Judgment, Supreme Court, New York County (Ann M. Donnelly, J.), rendered October 22, 2014, convicting defendant, after a jury trial, of criminal possession of a forged instrument in the second degree (eight counts) and resisting arrest, and sentencing him, as a second felony offender, to an aggregate term of 3 to 6 years, unanimously affirmed.

Defendant's conviction for criminal possession of a forged instrument was not against the weight of the evidence (see People v Danielson, 9 NY3d 342, 348-349 [2007]). The evidence at trial established that defendant knew that the New York Rangers tickets he possessed were counterfeit. Defendant's knowledge was established by circumstantial evidence. The officer to whom defendant offered the tickets, testified that when defendant showed her the tickets, she could tell they were counterfeit by the texture of the paper, the ink and the blurriness of the text. An investigator from Madison Square Garden testified as to the inferior quality of the paper, the color of the print, the blurry writing on the back and incorrect event codes. This case is distinguishable from People v Johnson (183 AD3d 401 [1st Dept 2020], lv denied 35 NY3d 1067 [2020]), where we found the defendant's receipt of an envelope with tickets from a third party and then his handing the envelope to a codefendant, was insufficient to show the defendant's knowledge that the tickets inside the envelope were counterfeit. Here, in making the sale to the officer, defendant retrieved the tickets from a flowerpot near Madison Square Garden and was in physical possession of the individual tickets, not merely the envelope containing them, when he displayed the tickets to the officer. The evidence showed he actually saw the forged tickets. Furthermore, testimony from one of the officers that he had encountered defendant selling tickets in front of Madison Square Garden just a week before his arrest indicated that defendant regularly sold tickets and therefore was likely to know whether the tickets he possessed were real or counterfeit (see People v Reisman, 29 NY2d 278, 285 [1971]).

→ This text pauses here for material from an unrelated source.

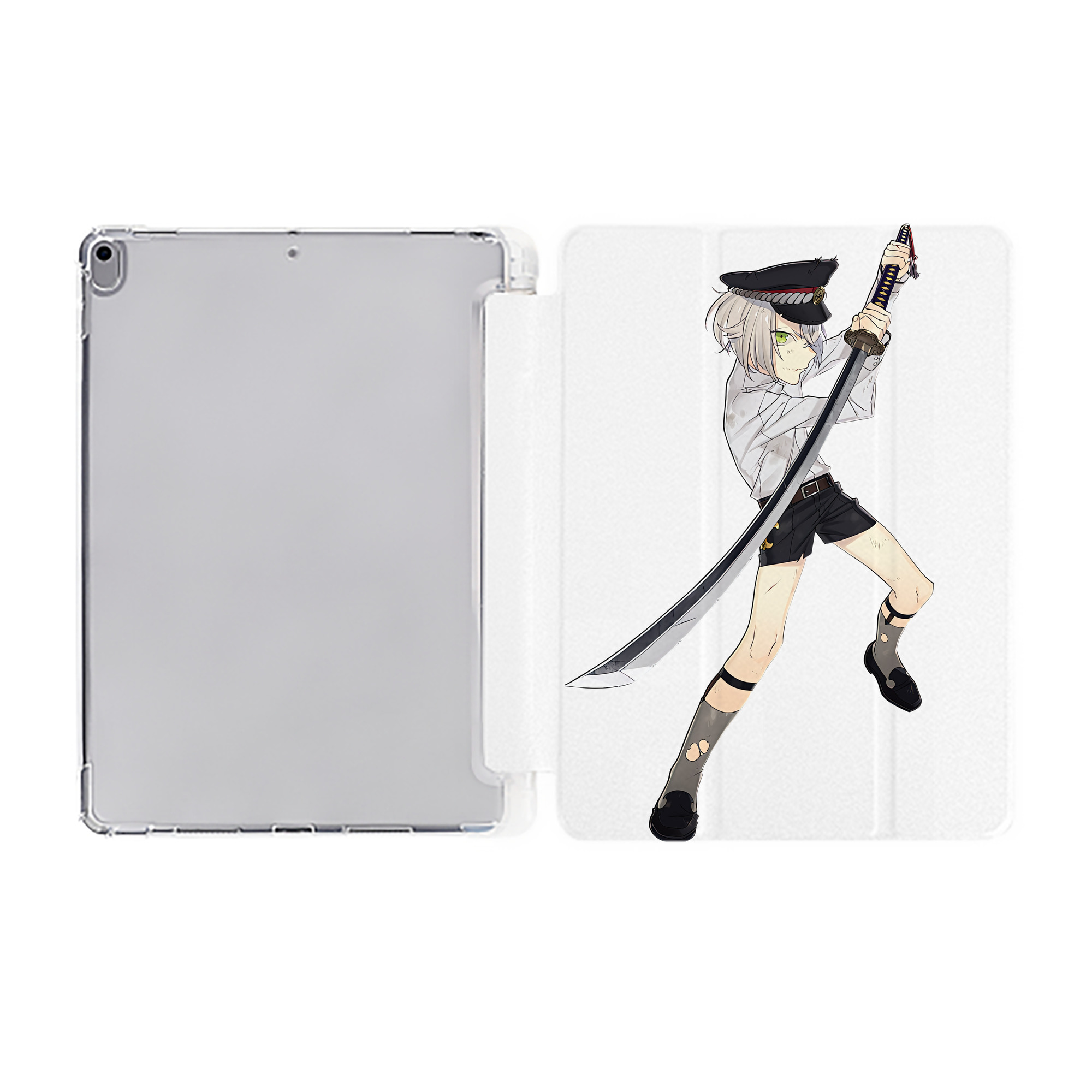 （画像用） 刀剣乱舞 Touken Ranbu IPad ケース ペン収納付き 三つ折りスタンド PUレザー×シリコン 対応機種9.5/10.5/10.9インチ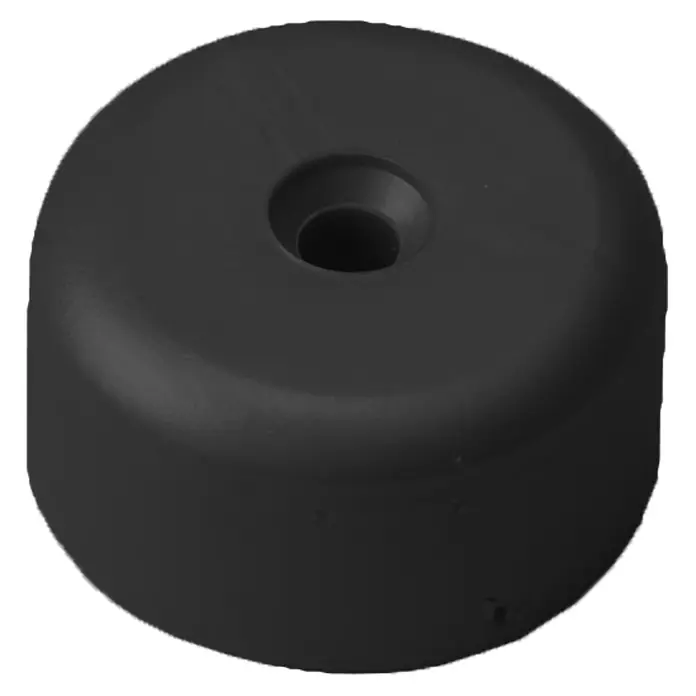 Walteco Plastik-Gleiter rund - Durchmesser: 4 cm, Schwarz - Dieser Artikel ist ein schwarzer Möbelstoßdämpfer. Der Stoßdämpfer ist rund und hat ein Loch in der Mitte.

Defendant's claim that his resisting arrest conviction was not supported by legally sufficient evidence is unpreserved and we decline to review it in the interest of justice.

As an alternative holding, we reject it on the merits. We also find that this verdict was not against the weight of the evidence (see People v Danielson, 9 NY3d 342, 348-349 [2007]).

We perceive no basis for reducing the sentence. Concur—Gische, J.P., Webber, González, Scarpulla, JJ.